Miocic landed 102 of his 206 strikes, 89 of which were considered significant, according to FightMetric, while Dos Santos connected on 140 of his attempts.
LONG BREAK HELPS
Miocic kept up a hectic fight schedule since joining the Ultimate Fighting Championship in 2011, and after three bouts in 2016, including a title win and subsequent defense, the veteran needed some time away from the sport.
Following his successful title defense at Quicken Loans Arena in the main event of UFC 203 last September, Miocic requested and was granted an extended break from fighting. However, the break is done, and time has come for Miocic to defend against dos Santos.
“It’s a layoff I wanted,” Miocic said. “I asked them for a couple months. I’ve never gotten to enjoy the holidays before, so I asked if I could have the holidays and take a couple months for myself, and they were okay with that. Now, I’m ready for May 13, Dallas, UFC 211.”
Miocic is 4-1 in his UFC career in fights that follow a break of more than four months. The lone loss came against dos Santos.
LEARNED FROM MISTAKES
In his first title defense, Miocic overcame a knockdown and guillotine choke attempt from Alistair Overeem early in the first round.
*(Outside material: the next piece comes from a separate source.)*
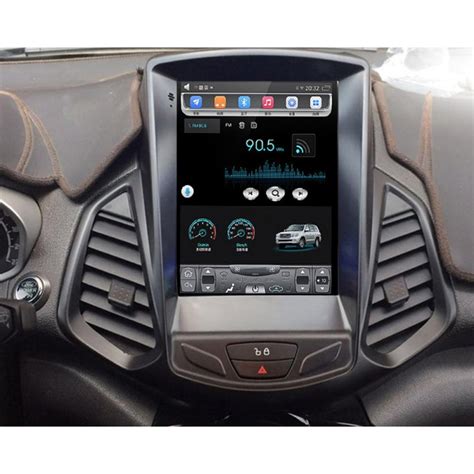 Ford Ecosport con schermo infotainment che mostra l'interfaccia Android Auto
Then, Miocic checked a right leg kick from Overeem and sent the challenger to the mat. After the takedown, Overeem pulled guard, but Miocic was not to be denied. Miocic landed a pair of right-handed hammer fists before throwing a left-right combination to Overeem’s face, which opened up the challenger’s defenses.
Following another left hand, Miocic landed four straight rights to Overeem’s jaw, knocking out the challenger and forcing the referee’s stoppage with just 33 seconds remaining in the first round.
“When he put me on my butt, I wasn’t ready for that, but I was fine,” Miocic said. “It was a flash knockdown. He got me in a guillotine. It was tight, but I knew exactly what was going on. I got up and I was like, ‘There’s no way this dude’s taking me out in front of my home crowd like that. I do not care.’ I got up and I went into ‘Zombie Mode,’ and was like, ‘All right, you’re done. I’m going to get you somehow, some way.’ I got him down and I knew he was finished.”
HUNGRY FOR MORE SUCCESS
Despite riding a four-fight winning streak and accomplishing the goal of winning the UFC title, Miocic is hungry for more success.
Miocic aims to hold onto the belt as long as possible, and he is not slowing down in his training. If anything, winning the title has given him more motivation to get through difficult workouts because of the payoff that comes with being successful in the cage.
“That’s one thing that keeps me hungry,” Miocic said. “I work too hard. I’m not giving some guy an opportunity to take my belt. I work way harder than any of those guys. I know I do.”
PATIENCE IS KEY
From past experiences, Miocic has learned that patience is an important key to success.
Miocic won the UFC championship after delivering a right hand to Fabricio Werdum’s jaw in the main event of UFC 198 last May.
The former champion was chasing Miocic on the outer rim of The Octagon, and left his chin exposed. Despite backing away from Werdum’s pursuit, Miocic threw a powerful right hand that floored the champion.
Miocic added three shots to the downed Werdum before referee Dan Miragliotta jumped in-between the fighters to end the bout at 2:14 of the first round.
“When he fell and I knocked him out cold, it was actually awkward because all I heard was myself screaming, my coaches screaming and my wife screaming,” Miocic said. “She hurdled like five rows to get to me, but it was awesome. It was just a great thing. I worked so hard and people don’t understand that they put a lot of sacrifice into me, and I’m just so happy I can reward them.”